414 F2d 390 Slayden v. United States
414 F.2d 390
Lynn Osburne SLAYDEN, Appellant,
UNITED STATES of America, Appellee.
United States Court of Appeals Fifth Circuit.
Aug. 21, 1969.
Steve G. Condos, Dallas, Tex., for appellant.
B. H. Timmins, Jr., Asst. U.S. Atty., Dallas, Tex., for appellee.
Before THORNBERRY and SIMPSON, Circuit Judges, and ATKINS, District judge.
SIMPSON, Circuit Judge:
The appellant, Lynn Osburne Slayden, was charged in a one-count indictment with a violation of Title 18, U.S.C. 2314, in that on or about the 20th day of June, 1966, with unlawful and fraudulent intent he transported and caused to be transported in interstate commerce from Dallas, Texas, to New York, New York, a falsely made and forged security, and American Express Company money order No.

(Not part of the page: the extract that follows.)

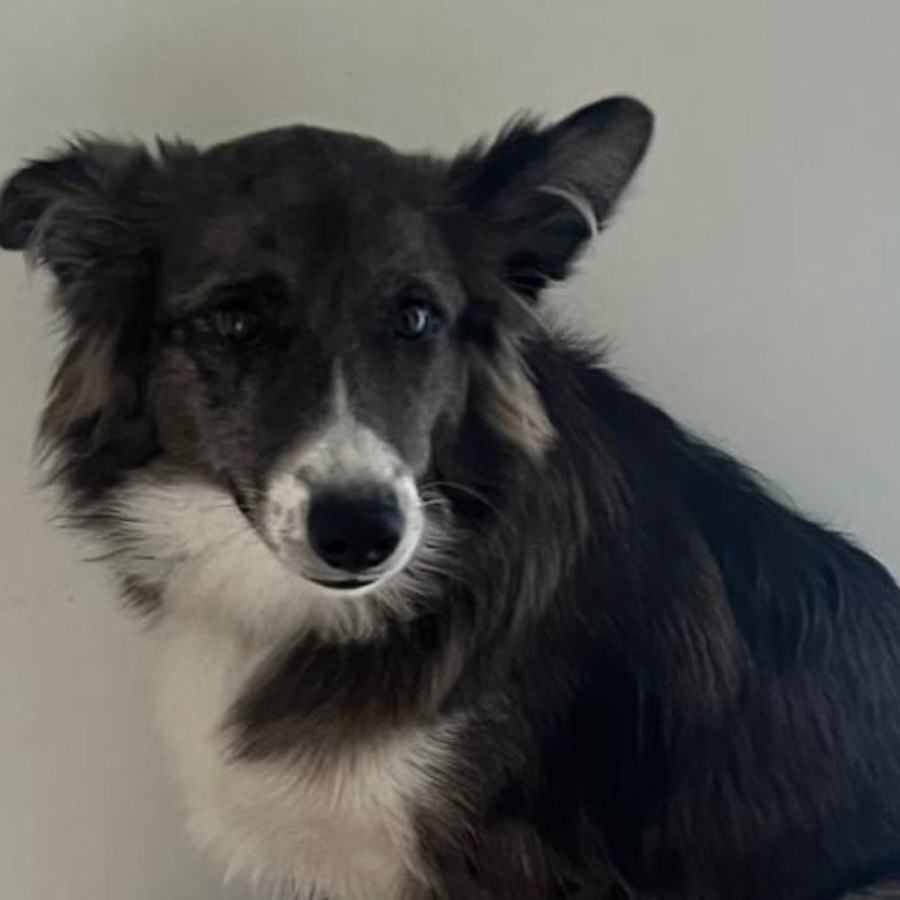 AHSOKA | Raza Border Collie  | Perdida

DA 700 444 538, then knowing the same to be falsely made and forged. Tried by a jury, Slayden was found guilty and received a sentence of five years. On this appeal he urges that there was error in the identification of a government exhibit, that there was improper admission in evidence of two money orders, and that his conviction cannot stand because it 'was based on the ruling of an inference of knowledge of forgery upon the ruling of an inference of knowledge that the money orders were forged'. We find no merit in any of these contentions and affirm.
The parties entered into the following stipulations which provide the basic factual background of the case:
'On or about March 21, 1966 at Houston, Texas, in an armed robbery of Mading's Drug Store #4, 3845 Dunlavy, American Express Company money orders numbers DA 700 444 515 through DA 700 444 539 and DA 700 444 480 through DA 700 444 499 were stolen in blank. The American Express Company orders described above were taken by a person or persons unknown and no information is known to the government reflecting that Lynn Osburne Slayden participated in the theft of such money orders.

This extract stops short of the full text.